5 Books Recommended By Elena Ferrante

Elena Ferrante is as enigmatic as she is fabulous. She’s the world’s most famous living pseudonymous writer – you could pass her on the street and not even know it! One of the small glimpses she has given us into her “real” life is a list of books she recommends. You can check out the full list of forty here, but this post is dedicated to the creme de la creme, five books recommended by Elena Ferrante that are KUWTP-tested and approved!

5 Books Recommended by Elena Ferrante - Book List - Keeping Up With The Penguins
If you want to buy one of these books recommended by Elena Ferrante, consider using an affiliate link on this page to do so – I’ll earn a small commission!
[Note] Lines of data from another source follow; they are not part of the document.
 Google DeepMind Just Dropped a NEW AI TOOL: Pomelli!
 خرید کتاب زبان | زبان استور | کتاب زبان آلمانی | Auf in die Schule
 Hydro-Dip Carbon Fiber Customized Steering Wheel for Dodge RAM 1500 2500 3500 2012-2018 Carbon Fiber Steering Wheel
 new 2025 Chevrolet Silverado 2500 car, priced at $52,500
A Little Life by Hanya Yanagihara

A Little Life - Hanya Yanagihara - Book Laid on Wooden Table - Keeping Up With The Penguins

It’s hardly a surprise that Elena Ferrante would love and recommend Hanya Yanagihara’s 2015 best-seller. Like her Neapolitan novels, A Little Life is a biography of a friendship, following it from youth through to the end of life. Perhaps if it had been published, in its 800+ page glory, before Ferrante’s Neapolitan series went to press, her publisher might have conceded to printing all four books as a single volume (which, she has said, is how she wrote them and how they were intended). Ferrante’s recommendation also tells us that she must have plenty of reading time on her hands: A Little Life is an UNDERTAKING. It’s not slow moving, by any means, but it is LONG, and with a trove of detail on every page it’s definitely not skimmable. Read my full review of A Little Life here.
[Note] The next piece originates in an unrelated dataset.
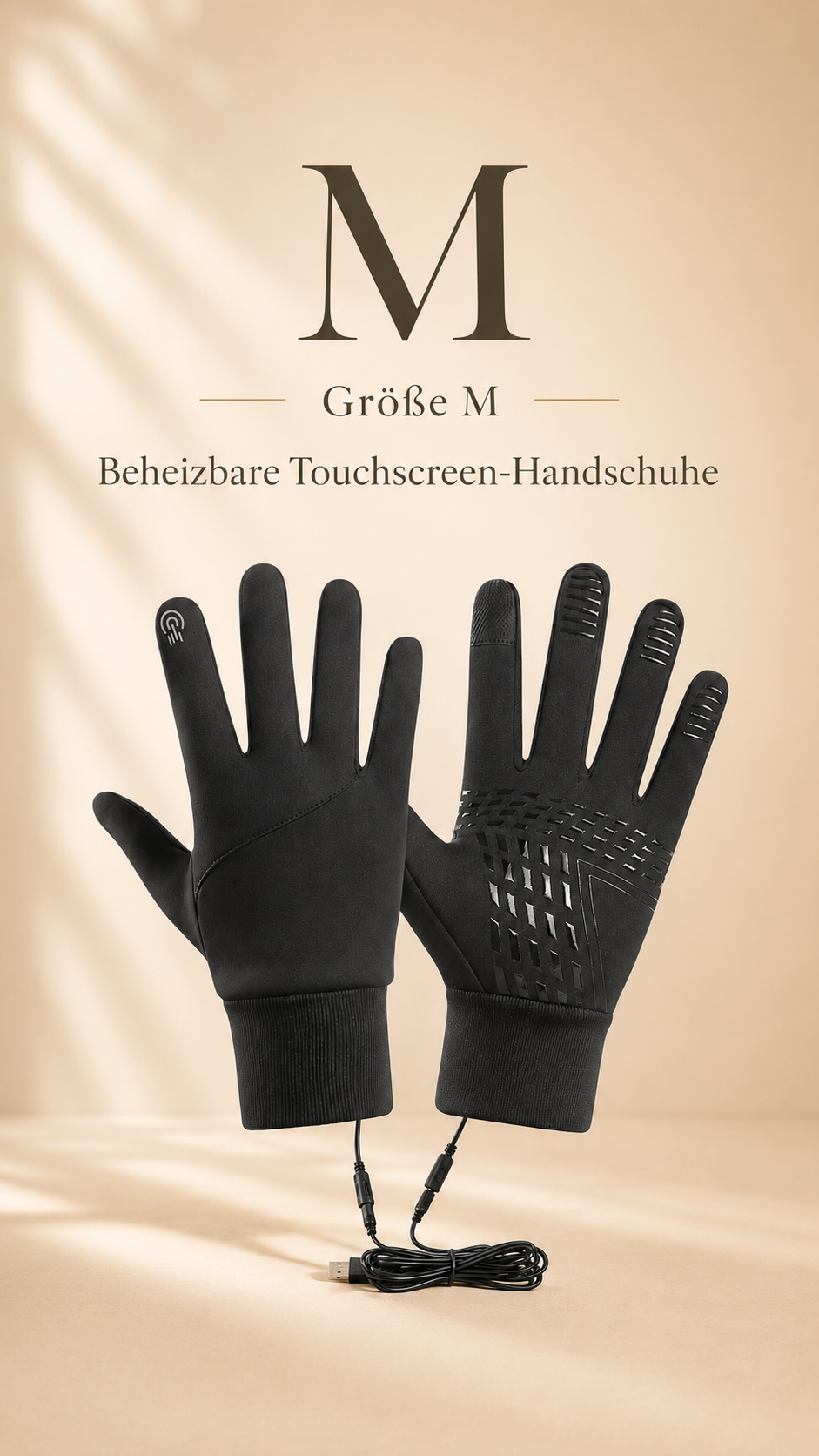 ThermoGrip Pro™ – Beheizbare Grip-Handschuhe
The Year Of Magical Thinking by Joan Didion

The Year of Magical Thinking - Book Laid on Wooden Table - Joan Didion

I was surprised to see The Year Of Magical Thinking on the list of books recommended by Elena Ferrante, if only because I tend to associate it more with Didion’s millennial fans (Ferrante being, presumably, a bit older than that). Ferrante would probably have been introduced to Didion during her earlier hey-day, in the Slouching Towards Bethlehem era. Still, it’s wonderful to see that this memoir of grief and rumination resonates with Didion readers across the age brackets. If you squint, you can see some parallels between Didion as she represents herself on the page and Ferrante’s characters: women who are introspective, bookish, and intense.

Breasts And Eggs by Mieko Kawakami

Breasts And Eggs - Mieko Kawakami - Keeping Up With The Penguins

Elena Ferrante recommended a number of books in translation, but my favourite is Breasts And Eggs by Japanese writer Mieko Kawakami. My edition was translated into English by Sam Bett and David Boyd, but I assume that Ferrante read it translated into Italian by Gianluca Coci (Seni e Uova). I wonder what might have changed in the story, what might be lost or found in the translation that Ferrante read and loved. At its core, presumably, the story remained the same: three women reckoning with what it means to be a woman in contemporary Japan. (Psst: Ferrante’s not the only one who loves Kawakami’s work – Haruki Murakami called her Japan’s “most important contemporary novelist”!) Read my full review of Breasts And Eggs here.

Beloved by Toni Morrison

Beloved - Toni Morrison - Keeping Up With The Penguins

Toni Morrison’s Beloved has become a classic of contemporary literature, and it’s rare that you see a list of books recommended by any author that doesn’t include it – Elena Ferrante’s list of book recommendations is no exception! It is a “towering achievement” of a novel that “stares into the abyss of slavery”, according to the blurb, but it’s also a heart-wrenching depiction of the grief and trauma of womanhood and the lived experience of the black body. Like Ferrante, Morrison’s prose is evocative in the extreme, and you’ll be transported by it. Read my full review of Beloved here.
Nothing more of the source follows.